─── Dataset records ───
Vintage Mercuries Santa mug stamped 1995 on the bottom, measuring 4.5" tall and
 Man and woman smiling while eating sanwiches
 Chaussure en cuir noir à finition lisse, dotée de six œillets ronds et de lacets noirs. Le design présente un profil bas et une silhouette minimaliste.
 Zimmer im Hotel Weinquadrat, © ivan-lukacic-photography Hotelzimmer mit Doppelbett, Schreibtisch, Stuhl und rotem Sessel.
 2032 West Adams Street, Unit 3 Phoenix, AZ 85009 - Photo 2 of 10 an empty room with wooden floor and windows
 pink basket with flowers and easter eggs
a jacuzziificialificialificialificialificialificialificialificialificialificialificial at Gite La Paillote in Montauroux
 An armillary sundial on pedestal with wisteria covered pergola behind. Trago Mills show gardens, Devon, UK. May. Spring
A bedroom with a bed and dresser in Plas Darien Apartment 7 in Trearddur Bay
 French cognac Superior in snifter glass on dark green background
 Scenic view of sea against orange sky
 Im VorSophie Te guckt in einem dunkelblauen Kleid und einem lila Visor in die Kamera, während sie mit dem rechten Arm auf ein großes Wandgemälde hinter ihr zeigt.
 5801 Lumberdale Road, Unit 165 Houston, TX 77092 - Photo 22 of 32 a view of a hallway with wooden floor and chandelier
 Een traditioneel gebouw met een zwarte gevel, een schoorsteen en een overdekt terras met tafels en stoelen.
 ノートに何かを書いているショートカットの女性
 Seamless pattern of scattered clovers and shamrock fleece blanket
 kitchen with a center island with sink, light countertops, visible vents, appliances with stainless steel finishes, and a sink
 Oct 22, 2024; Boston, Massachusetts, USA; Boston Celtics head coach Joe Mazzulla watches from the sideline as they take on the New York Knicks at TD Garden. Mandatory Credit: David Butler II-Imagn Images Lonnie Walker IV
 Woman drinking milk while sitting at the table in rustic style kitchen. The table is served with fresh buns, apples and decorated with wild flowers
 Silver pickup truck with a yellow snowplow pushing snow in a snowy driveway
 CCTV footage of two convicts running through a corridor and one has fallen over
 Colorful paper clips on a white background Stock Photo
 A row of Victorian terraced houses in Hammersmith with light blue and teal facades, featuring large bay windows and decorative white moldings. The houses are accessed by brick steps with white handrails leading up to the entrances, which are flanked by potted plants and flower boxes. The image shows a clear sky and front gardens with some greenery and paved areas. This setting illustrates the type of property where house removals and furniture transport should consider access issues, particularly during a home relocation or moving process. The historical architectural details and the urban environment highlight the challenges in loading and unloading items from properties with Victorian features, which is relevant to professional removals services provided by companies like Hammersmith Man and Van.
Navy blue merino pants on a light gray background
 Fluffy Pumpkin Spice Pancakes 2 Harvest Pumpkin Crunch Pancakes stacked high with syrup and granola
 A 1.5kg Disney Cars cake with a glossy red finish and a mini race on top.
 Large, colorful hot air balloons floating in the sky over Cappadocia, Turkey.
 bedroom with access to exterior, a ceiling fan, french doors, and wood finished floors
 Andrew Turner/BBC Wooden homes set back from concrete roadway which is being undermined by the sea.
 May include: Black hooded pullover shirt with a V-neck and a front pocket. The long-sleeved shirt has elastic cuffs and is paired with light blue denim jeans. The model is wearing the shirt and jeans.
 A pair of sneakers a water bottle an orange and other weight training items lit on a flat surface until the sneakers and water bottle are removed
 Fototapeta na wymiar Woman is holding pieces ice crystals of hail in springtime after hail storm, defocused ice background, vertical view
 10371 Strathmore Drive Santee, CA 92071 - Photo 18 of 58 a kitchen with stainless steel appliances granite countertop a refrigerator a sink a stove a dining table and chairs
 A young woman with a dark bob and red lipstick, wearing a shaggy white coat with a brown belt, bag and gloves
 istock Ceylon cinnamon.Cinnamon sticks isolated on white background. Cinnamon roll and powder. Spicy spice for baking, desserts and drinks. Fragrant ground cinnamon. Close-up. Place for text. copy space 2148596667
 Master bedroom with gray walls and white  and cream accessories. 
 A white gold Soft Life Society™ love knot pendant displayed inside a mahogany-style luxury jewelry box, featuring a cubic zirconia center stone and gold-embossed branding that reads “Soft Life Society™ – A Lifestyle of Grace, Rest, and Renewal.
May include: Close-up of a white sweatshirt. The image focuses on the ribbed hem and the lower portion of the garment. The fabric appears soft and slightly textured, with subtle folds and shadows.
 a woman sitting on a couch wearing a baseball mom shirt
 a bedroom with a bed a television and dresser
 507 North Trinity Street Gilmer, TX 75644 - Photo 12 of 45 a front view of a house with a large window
───
## Work required
Restate the records, all of them, precisely as written.

## Output for this exercise
Vintage Mercuries Santa mug stamped 1995 on the bottom, measuring 4.5" tall and
 Man and woman smiling while eating sanwiches
 Chaussure en cuir noir à finition lisse, dotée de six œillets ronds et de lacets noirs. Le design présente un profil bas et une silhouette minimaliste.
 Zimmer im Hotel Weinquadrat, © ivan-lukacic-photography Hotelzimmer mit Doppelbett, Schreibtisch, Stuhl und rotem Sessel.
 2032 West Adams Street, Unit 3 Phoenix, AZ 85009 - Photo 2 of 10 an empty room with wooden floor and windows
 pink basket with flowers and easter eggs
a jacuzziificialificialificialificialificialificialificialificialificialificialificial at Gite La Paillote in Montauroux
 An armillary sundial on pedestal with wisteria covered pergola behind. Trago Mills show gardens, Devon, UK. May. Spring
A bedroom with a bed and dresser in Plas Darien Apartment 7 in Trearddur Bay
 French cognac Superior in snifter glass on dark green background
 Scenic view of sea against orange sky
 Im VorSophie Te guckt in einem dunkelblauen Kleid und einem lila Visor in die Kamera, während sie mit dem rechten Arm auf ein großes Wandgemälde hinter ihr zeigt.
 5801 Lumberdale Road, Unit 165 Houston, TX 77092 - Photo 22 of 32 a view of a hallway with wooden floor and chandelier
 Een traditioneel gebouw met een zwarte gevel, een schoorsteen en een overdekt terras met tafels en stoelen.
 ノートに何かを書いているショートカットの女性
 Seamless pattern of scattered clovers and shamrock fleece blanket
 kitchen with a center island with sink, light countertops, visible vents, appliances with stainless steel finishes, and a sink
 Oct 22, 2024; Boston, Massachusetts, USA; Boston Celtics head coach Joe Mazzulla watches from the sideline as they take on the New York Knicks at TD Garden. Mandatory Credit: David Butler II-Imagn Images Lonnie Walker IV
 Woman drinking milk while sitting at the table in rustic style kitchen. The table is served with fresh buns, apples and decorated with wild flowers
 Silver pickup truck with a yellow snowplow pushing snow in a snowy driveway
 CCTV footage of two convicts running through a corridor and one has fallen over
 Colorful paper clips on a white background Stock Photo
 A row of Victorian terraced houses in Hammersmith with light blue and teal facades, featuring large bay windows and decorative white moldings. The houses are accessed by brick steps with white handrails leading up to the entrances, which are flanked by potted plants and flower boxes. The image shows a clear sky and front gardens with some greenery and paved areas. This setting illustrates the type of property where house removals and furniture transport should consider access issues, particularly during a home relocation or moving process. The historical architectural details and the urban environment highlight the challenges in loading and unloading items from properties with Victorian features, which is relevant to professional removals services provided by companies like Hammersmith Man and Van.
Navy blue merino pants on a light gray background
 Fluffy Pumpkin Spice Pancakes 2 Harvest Pumpkin Crunch Pancakes stacked high with syrup and granola
 A 1.5kg Disney Cars cake with a glossy red finish and a mini race on top.
 Large, colorful hot air balloons floating in the sky over Cappadocia, Turkey.
 bedroom with access to exterior, a ceiling fan, french doors, and wood finished floors
 Andrew Turner/BBC Wooden homes set back from concrete roadway which is being undermined by the sea.
 May include: Black hooded pullover shirt with a V-neck and a front pocket. The long-sleeved shirt has elastic cuffs and is paired with light blue denim jeans. The model is wearing the shirt and jeans.
 A pair of sneakers a water bottle an orange and other weight training items lit on a flat surface until the sneakers and water bottle are removed
 Fototapeta na wymiar Woman is holding pieces ice crystals of hail in springtime after hail storm, defocused ice background, vertical view
 10371 Strathmore Drive Santee, CA 92071 - Photo 18 of 58 a kitchen with stainless steel appliances granite countertop a refrigerator a sink a stove a dining table and chairs
 A young woman with a dark bob and red lipstick, wearing a shaggy white coat with a brown belt, bag and gloves
 istock Ceylon cinnamon.Cinnamon sticks isolated on white background. Cinnamon roll and powder. Spicy spice for baking, desserts and drinks. Fragrant ground cinnamon. Close-up. Place for text. copy space 2148596667
 Master bedroom with gray walls and white  and cream accessories. 
 A white gold Soft Life Society™ love knot pendant displayed inside a mahogany-style luxury jewelry box, featuring a cubic zirconia center stone and gold-embossed branding that reads “Soft Life Society™ – A Lifestyle of Grace, Rest, and Renewal.
May include: Close-up of a white sweatshirt. The image focuses on the ribbed hem and the lower portion of the garment. The fabric appears soft and slightly textured, with subtle folds and shadows.
 a woman sitting on a couch wearing a baseball mom shirt
 a bedroom with a bed a television and dresser
 507 North Trinity Street Gilmer, TX 75644 - Photo 12 of 45 a front view of a house with a large window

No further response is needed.